Could you reproduce the lines below from the one with "Mountain Cow Head" through the one with "Scaffalatura Volkswagen Caddy"? Keep both ends and add nothing.

─── Information supplied

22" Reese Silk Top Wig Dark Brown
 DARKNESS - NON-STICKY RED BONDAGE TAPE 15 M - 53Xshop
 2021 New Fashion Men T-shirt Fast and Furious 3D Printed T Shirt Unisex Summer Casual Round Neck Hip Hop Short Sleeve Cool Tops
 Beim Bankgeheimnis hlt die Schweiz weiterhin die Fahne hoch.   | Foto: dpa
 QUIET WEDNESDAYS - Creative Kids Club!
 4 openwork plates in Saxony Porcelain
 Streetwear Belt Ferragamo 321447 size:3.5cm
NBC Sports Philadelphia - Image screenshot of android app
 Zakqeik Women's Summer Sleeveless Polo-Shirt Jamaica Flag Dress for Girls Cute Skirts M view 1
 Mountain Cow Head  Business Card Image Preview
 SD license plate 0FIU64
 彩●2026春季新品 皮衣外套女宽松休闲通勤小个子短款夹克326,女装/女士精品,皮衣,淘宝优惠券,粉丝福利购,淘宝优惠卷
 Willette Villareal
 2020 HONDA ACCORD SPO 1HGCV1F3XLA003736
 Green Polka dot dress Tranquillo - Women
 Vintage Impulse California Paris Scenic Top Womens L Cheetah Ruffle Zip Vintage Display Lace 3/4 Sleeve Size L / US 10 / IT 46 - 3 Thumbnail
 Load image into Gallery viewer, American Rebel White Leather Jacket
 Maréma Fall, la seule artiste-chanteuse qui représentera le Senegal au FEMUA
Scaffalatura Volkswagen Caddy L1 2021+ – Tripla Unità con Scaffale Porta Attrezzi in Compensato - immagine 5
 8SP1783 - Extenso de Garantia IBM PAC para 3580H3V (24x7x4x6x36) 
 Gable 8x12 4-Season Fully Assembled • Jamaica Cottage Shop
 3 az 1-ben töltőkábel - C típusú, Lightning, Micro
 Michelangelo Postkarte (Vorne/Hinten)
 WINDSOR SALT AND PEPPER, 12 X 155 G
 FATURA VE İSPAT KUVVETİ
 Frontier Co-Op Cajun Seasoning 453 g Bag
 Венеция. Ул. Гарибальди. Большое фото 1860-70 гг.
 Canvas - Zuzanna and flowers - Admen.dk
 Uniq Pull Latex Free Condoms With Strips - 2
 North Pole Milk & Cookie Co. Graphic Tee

──────

● **Solved problem**:
 Mountain Cow Head  Business Card Image Preview
 SD license plate 0FIU64
 彩●2026春季新品 皮衣外套女宽松休闲通勤小个子短款夹克326,女装/女士精品,皮衣,淘宝优惠券,粉丝福利购,淘宝优惠卷
 Willette Villareal
 2020 HONDA ACCORD SPO 1HGCV1F3XLA003736
 Green Polka dot dress Tranquillo - Women
 Vintage Impulse California Paris Scenic Top Womens L Cheetah Ruffle Zip Vintage Display Lace 3/4 Sleeve Size L / US 10 / IT 46 - 3 Thumbnail
 Load image into Gallery viewer, American Rebel White Leather Jacket
 Maréma Fall, la seule artiste-chanteuse qui représentera le Senegal au FEMUA
Scaffalatura Volkswagen Caddy L1 2021+ – Tripla Unità con Scaffale Porta Attrezzi in Compensato - immagine 5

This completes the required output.